However, there is also a deeper connection between Christian sacramental worship and the 14-billion-year cosmic history of our universe from which life emerged. Although the Eucharist is contained within the larger sacramental ecology of the history of life on Earth and the cosmic history of the universe, it is through participation in the Eucharistic liturgy that Christian worshipers can be ritually made aware of the grace that is present to be experienced in a sacramental universe. In other words, it is the reiteration of sacramental worship that has the greatest potential to point toward an awareness of and appreciation for a broader sense of sacramentality. While the Book of Common Prayer’s definition of sacrament as an outward and visible sign of an inward and spiritual grace supports a broader sacramentality, it is the unique sacraments of the church which point us outward to worship sacramentally in all of God’s ongoing Creation.14
Furthermore, Christian tradition has a significant cosmic perspective through the theological understanding that God’s grace is incarnate sacramentally through the creative action of the Divine Word in our sacramental universe. Therefore, the ecological value attributed through the Eucharist can be understood as inherent in, instead of extraneous to, the Christian tradition from which it emerges. The very meaning of tradition implies that our faith must be applied anew to shape us in the cultures we find ourselves in, in our contemporary context. Therefore, we need only to reenvision, as opposed to reinvent, our Eucharistic theology to seamlessly connect the concept of sacramental grace to the ecological value that emerges from a proper understanding of the evolutionary history of life on Earth.

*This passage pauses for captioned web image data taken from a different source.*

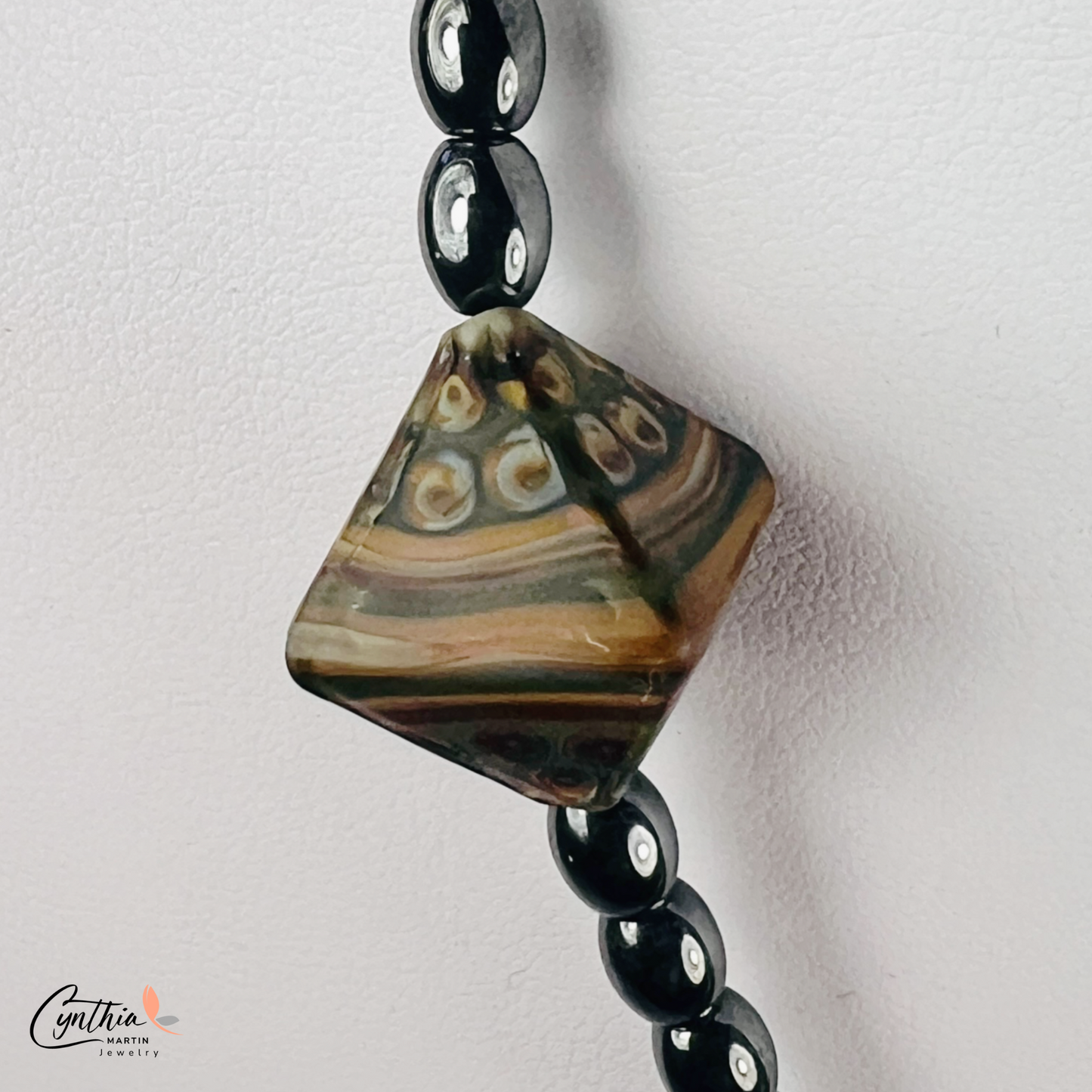 Necklace featuring an ancient two-eye Dzi bead from Nepal, paired with handcrafted pyramid-shaped ceramic beads and egg-shaped hematite beads, 15 inches with a 2-inch extender.
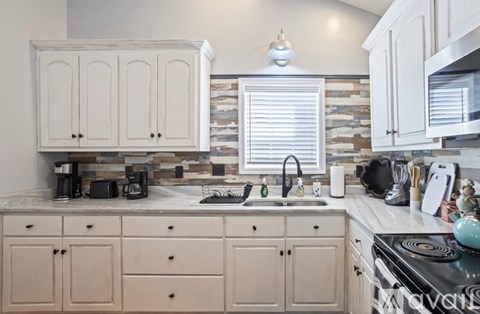 A kitchen with white cabinets and a stone backsplash.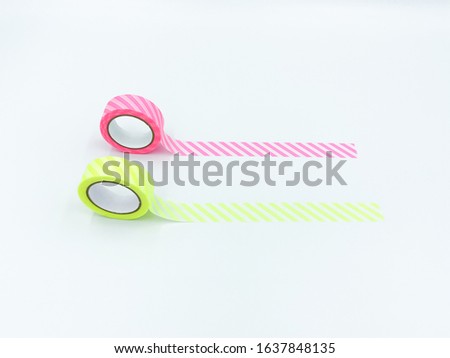Close up side view of straps paper tape in neon yellow and pink, stick on the surface, lay flat and isolated on white background with copy space.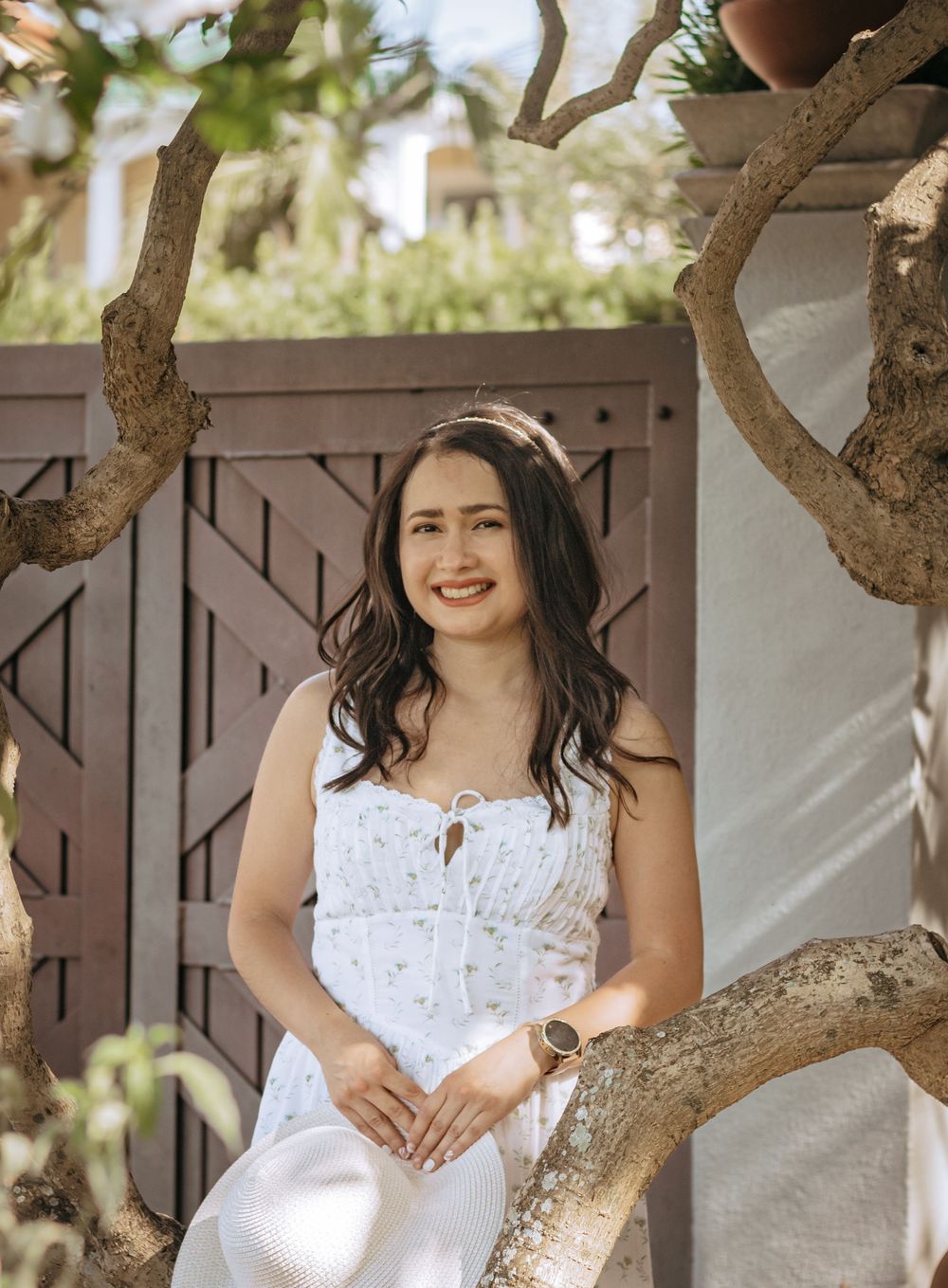 Young woman in white floral sundress sitting among tree branches smiling in a sunny garden setting.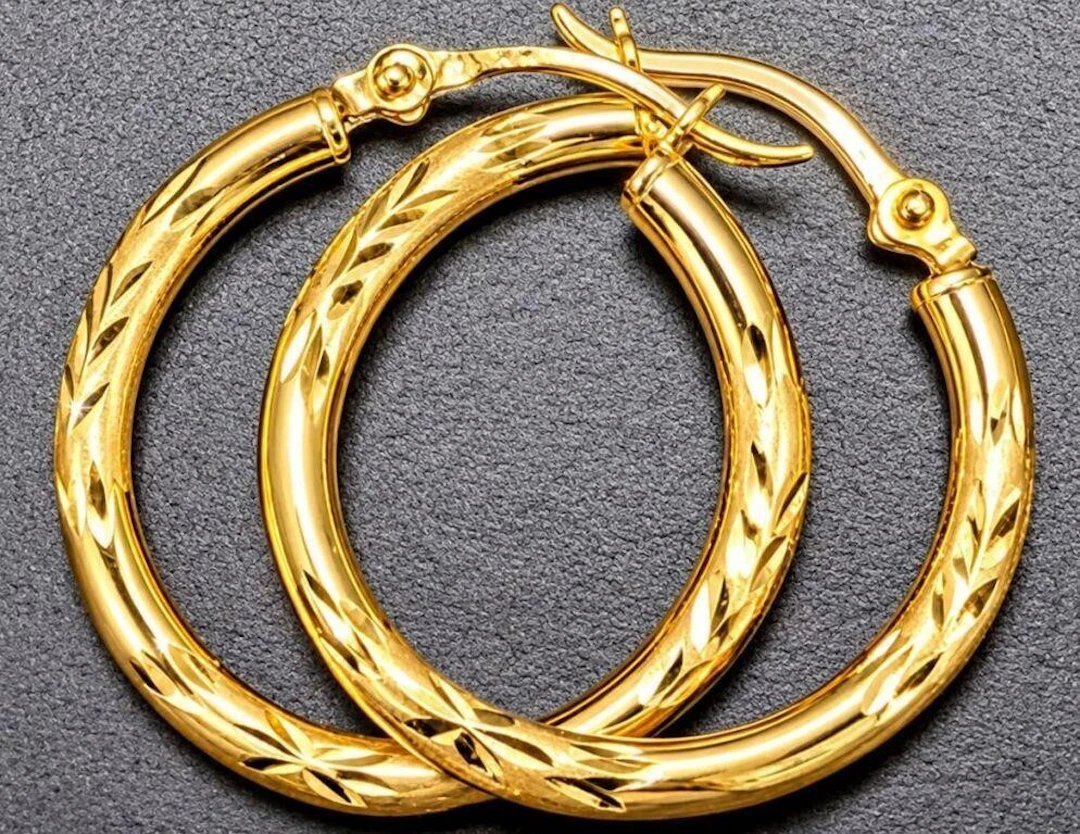 $500, 10k(0.75g), earring, retail value $500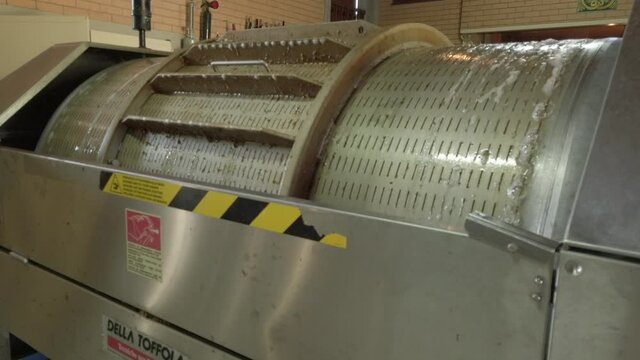 Esposende, Portugal, September 30, 2020 - White wine grape juice running out of the press machine in a wine cellar.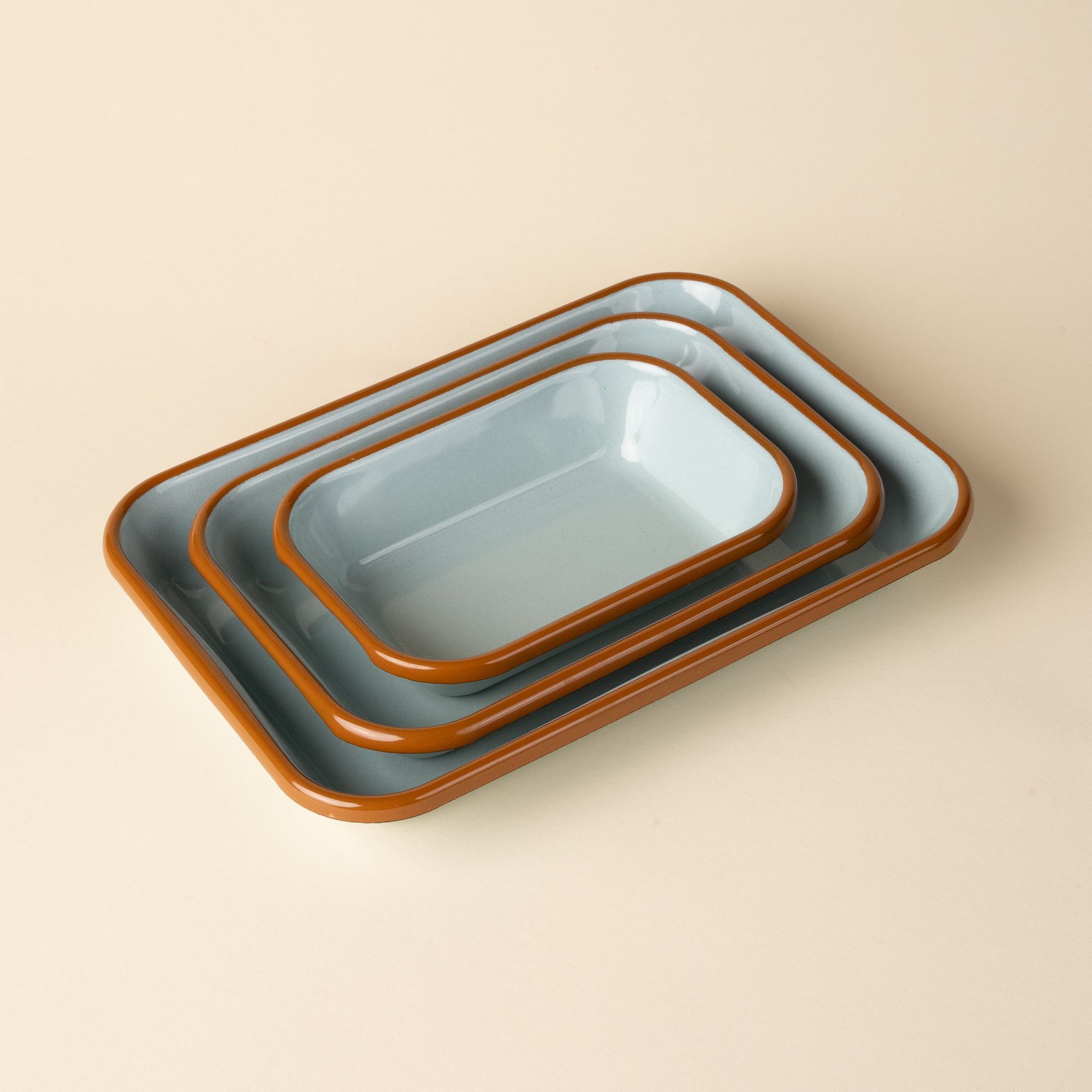 A nesting trio of small, medium, and large rectangular baking dishes in a robin's egg blue color with a warm brown rim.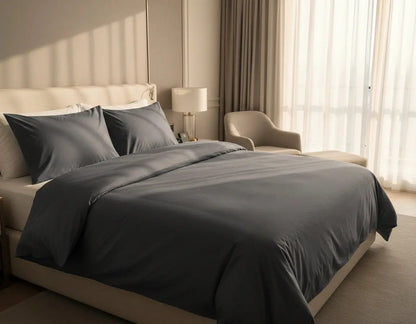 Luxe antraciet dekbedovertrek 240x220 lits-jumeaux, strak opgemaakt op een beige boxspring in een lichte moderne slaapkamer met hoge ramen, warme zonlichtinval, nachtkastjes en een stijlvolle fauteuil.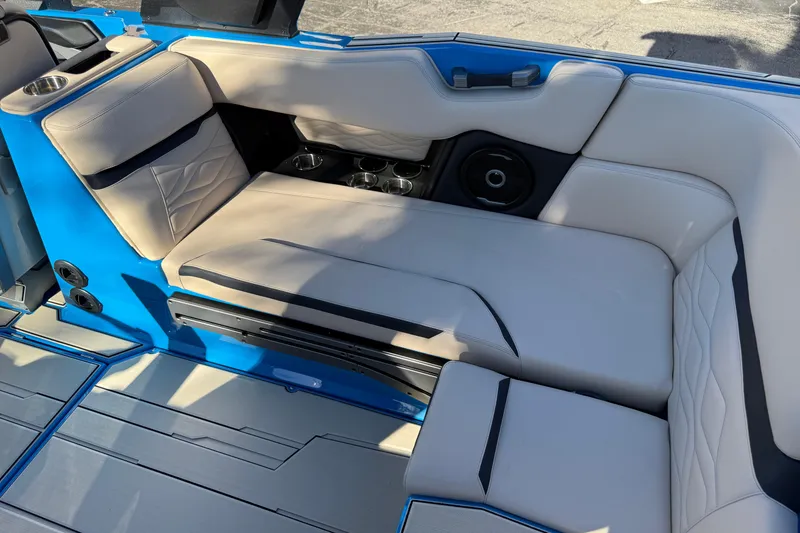 Slide: The Image of Luxurious interior seating of 2026 Supra SL 550 boat with cup holders and speaker system. - 23
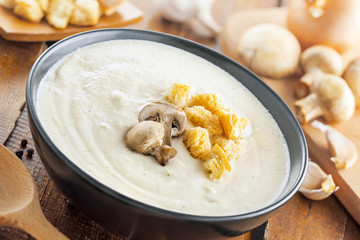 Mushroom cream soup on a brown wooden table, European food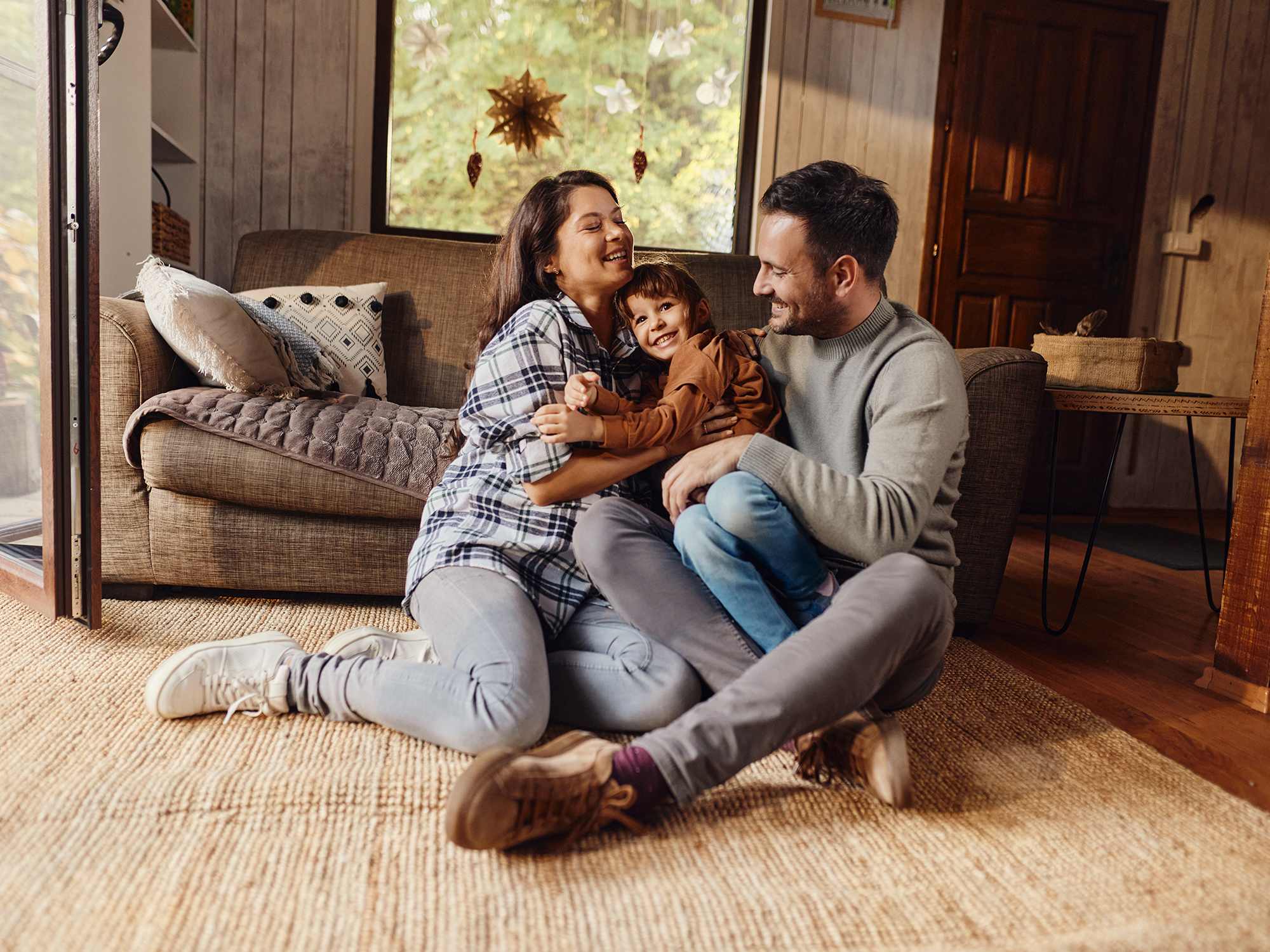 family-sitting-on-the-floor-in-front-of-grey-couch
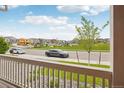 Peaceful street view from the porch showcases the well-kept neighborhood and community park across the street at 715 N Amory St, Watkins, CO 80137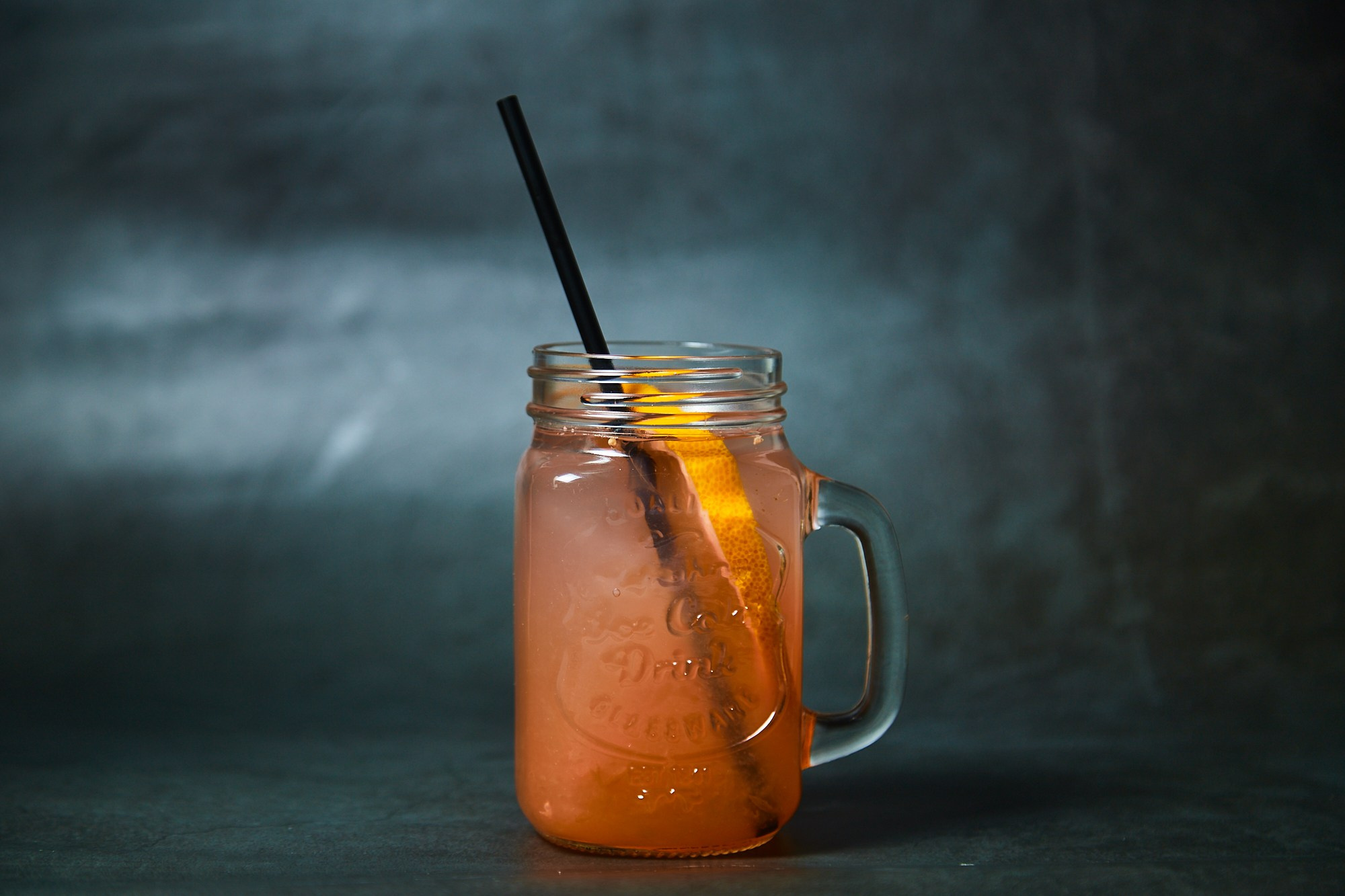 Фотосъёмка еды — апельсиновый лимонад в бокале с трубочкой.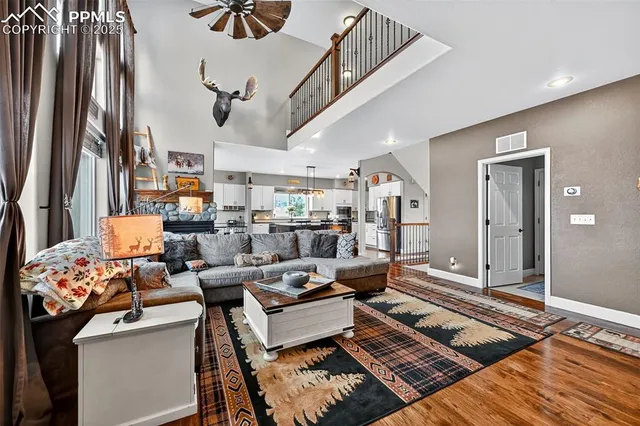 a living room with lots of furniture and a rug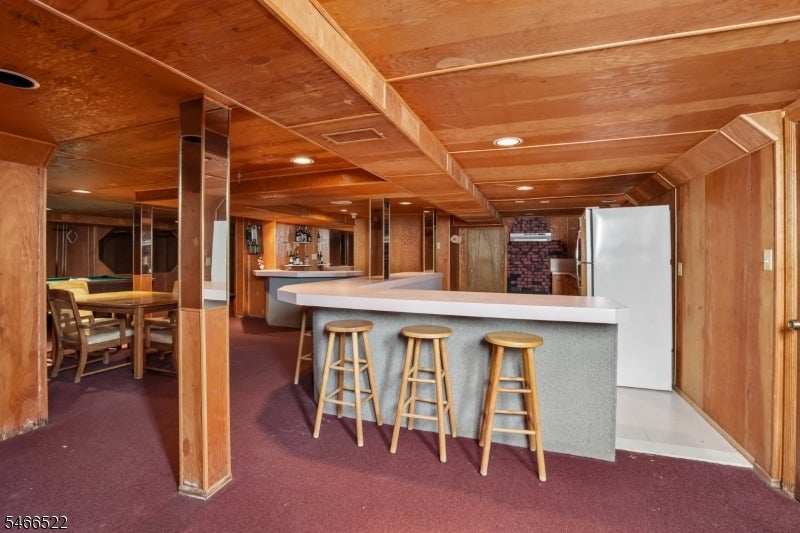 Wood-paneled basement recreation room with a long counter, three stools, and a dining area.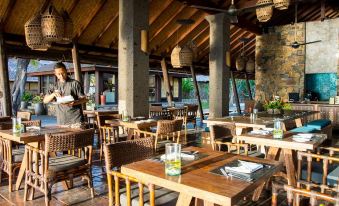 a man wearing a chef 's hat is standing near a restaurant table , holding a wine glass at Jeeva Klui Resort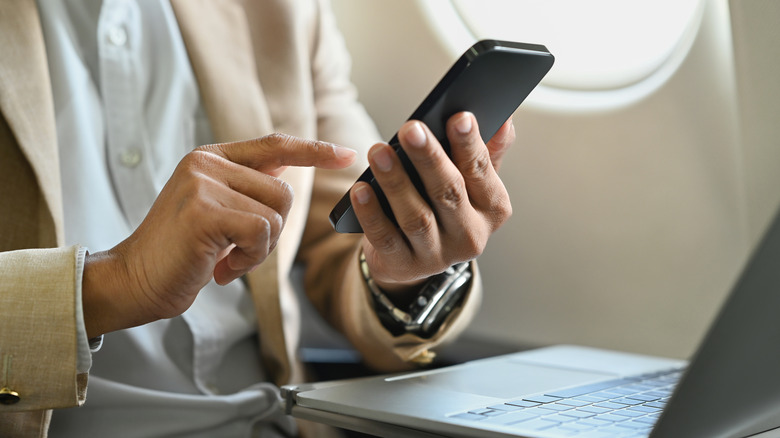 Airplane passenger holding a phone with a laptop on their tray table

4. Divine Presence and Mystery in Sacramental Grace and Ecological Value

With this in mind, I now want to turn to the concept of real divine presence in the Eucharist, a concept that undergirds all of the issues discussed in this paper. Real presence in the Eucharist has been interpreted rather broadly; however, for the purpose of this essay, I will focus on the understanding of real presence in the substances of the Eucharistic gifts of bread and wine, which entails an examination of the doctrine of transubstantiation.15 I hold that the acceptance of the presence of Christ in the Eucharist, instead of a stumbling block, can be the key that opens to a broader sense of sacramentality wherein participation in the Eucharist can honestly address the issue of connections between sacramental grace and the ecological value related to the narrative of the Epic of Evolution. However, I want to begin with a point of discontinuity related to the doctrine of transubstantiation.
Transubstantiation has long been a stumbling block for Western Christianity, one that contributed to well-defined battle lines during the Reformation and one that is still often highly contentious in current theological discourse. This is due in large part to the fact that the doctrine of transubstantiation was the culmination of the increased emphasis, begun in the 9th century, on the understanding of the gifts of the Eucharistic bread and wine as being transformed into the sacrificial body and blood of Jesus as conveyers of divine grace.16 The Fourth Lateran Council (1215) is the first instance of the terminology entering official church doctrine, and it has been continuously confirmed by the official teaching of the Catholic Church to the present. Contemporary criticism of transubstantiation frequently focuses on Thomas Aquinas’ use of the Aristotelian categories of ‘substance’ and ‘accident’ in his development of the doctrine later in the 13th century to describe the change of substance from the gifts of bread and wine to the body and blood of Christ while retaining the ‘accidental’ properties of the former. In the space that I have here, I do not intend to provide either a justification for or refutation of the doctrine of transubstantiation or extensively outline the various ways in which contemporary theologians have attempted to mollify its interpretation with modified theologies of real presence.17 Instead, I want to provide some perspective on what the doctrine of transubstantiation was intended to achieve and how an understanding of real presence in our contemporary context can be applicable to a theology of sacramental ecology that is necessarily predicated on a scientific perspective of the evolutionary and ecological connectedness of life on Earth.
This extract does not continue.